#### [DESCRIPTION OF THE TASK]
Return each line below exactly as it reads, and omit any image in it.

+++ SOURCE DATA

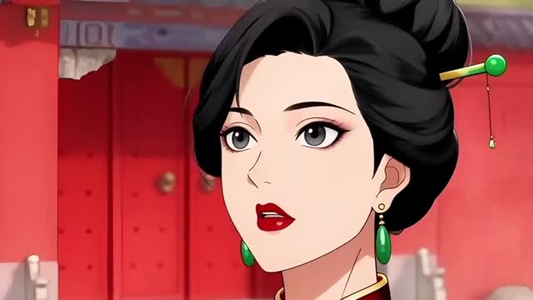 异界老祖太无聊，回地球当保安第二季（77集）短剧合集蓝光画质
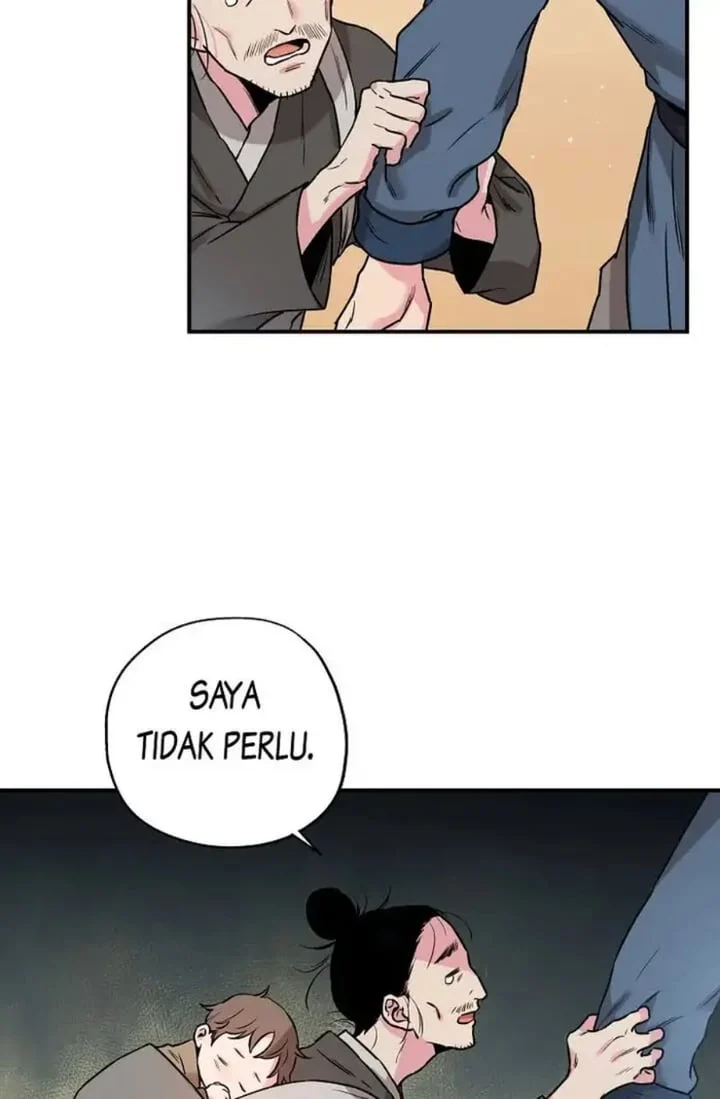 The Strongest Villainess Chapter 25 - halaman 32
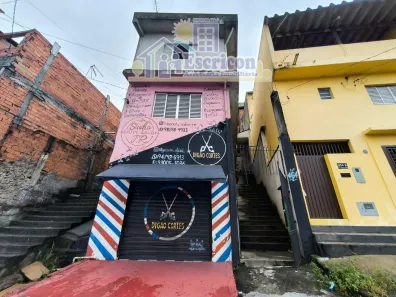 Casa com 1 Quarto à venda, 150m² no Jardim Tietê, São Paulo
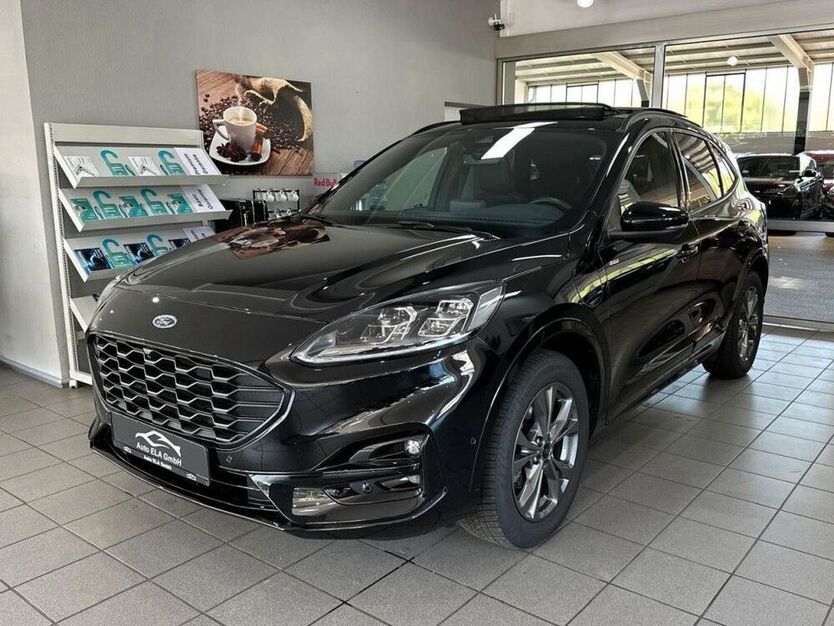 Kuga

++++++

#### [FINISHED EXERCISE]
 异界老祖太无聊，回地球当保安第二季（77集）短剧合集蓝光画质
 The Strongest Villainess Chapter 25 - halaman 32
 Casa com 1 Quarto à venda, 150m² no Jardim Tietê, São Paulo
 Kuga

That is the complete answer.